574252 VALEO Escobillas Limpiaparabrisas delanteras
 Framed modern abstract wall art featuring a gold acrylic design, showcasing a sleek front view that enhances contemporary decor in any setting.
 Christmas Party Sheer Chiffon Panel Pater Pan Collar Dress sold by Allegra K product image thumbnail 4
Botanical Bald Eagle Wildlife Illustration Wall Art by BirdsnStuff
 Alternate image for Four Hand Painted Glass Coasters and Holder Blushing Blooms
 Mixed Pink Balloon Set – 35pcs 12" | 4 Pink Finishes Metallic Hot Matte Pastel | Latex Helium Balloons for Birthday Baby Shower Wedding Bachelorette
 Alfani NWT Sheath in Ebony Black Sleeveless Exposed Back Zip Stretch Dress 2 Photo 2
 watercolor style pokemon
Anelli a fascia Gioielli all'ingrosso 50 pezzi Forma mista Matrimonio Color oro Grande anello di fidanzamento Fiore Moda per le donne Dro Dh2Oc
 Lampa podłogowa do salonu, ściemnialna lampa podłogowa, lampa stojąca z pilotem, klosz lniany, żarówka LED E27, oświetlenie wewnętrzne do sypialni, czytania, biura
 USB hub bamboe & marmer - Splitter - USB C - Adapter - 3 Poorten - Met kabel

◆ ◆ ◆ ◆ ◆

→ **ASSIGNMENT**: Would you write out all of the data exactly as given?

→ **SOLUTION TO THE EXERCISE**:
574252 VALEO Escobillas Limpiaparabrisas delanteras
 Framed modern abstract wall art featuring a gold acrylic design, showcasing a sleek front view that enhances contemporary decor in any setting.
 Christmas Party Sheer Chiffon Panel Pater Pan Collar Dress sold by Allegra K product image thumbnail 4
Botanical Bald Eagle Wildlife Illustration Wall Art by BirdsnStuff
 Alternate image for Four Hand Painted Glass Coasters and Holder Blushing Blooms
 Mixed Pink Balloon Set – 35pcs 12" | 4 Pink Finishes Metallic Hot Matte Pastel | Latex Helium Balloons for Birthday Baby Shower Wedding Bachelorette
 Alfani NWT Sheath in Ebony Black Sleeveless Exposed Back Zip Stretch Dress 2 Photo 2
 watercolor style pokemon
Anelli a fascia Gioielli all'ingrosso 50 pezzi Forma mista Matrimonio Color oro Grande anello di fidanzamento Fiore Moda per le donne Dro Dh2Oc
 Lampa podłogowa do salonu, ściemnialna lampa podłogowa, lampa stojąca z pilotem, klosz lniany, żarówka LED E27, oświetlenie wewnętrzne do sypialni, czytania, biura
 USB hub bamboe & marmer - Splitter - USB C - Adapter - 3 Poorten - Met kabel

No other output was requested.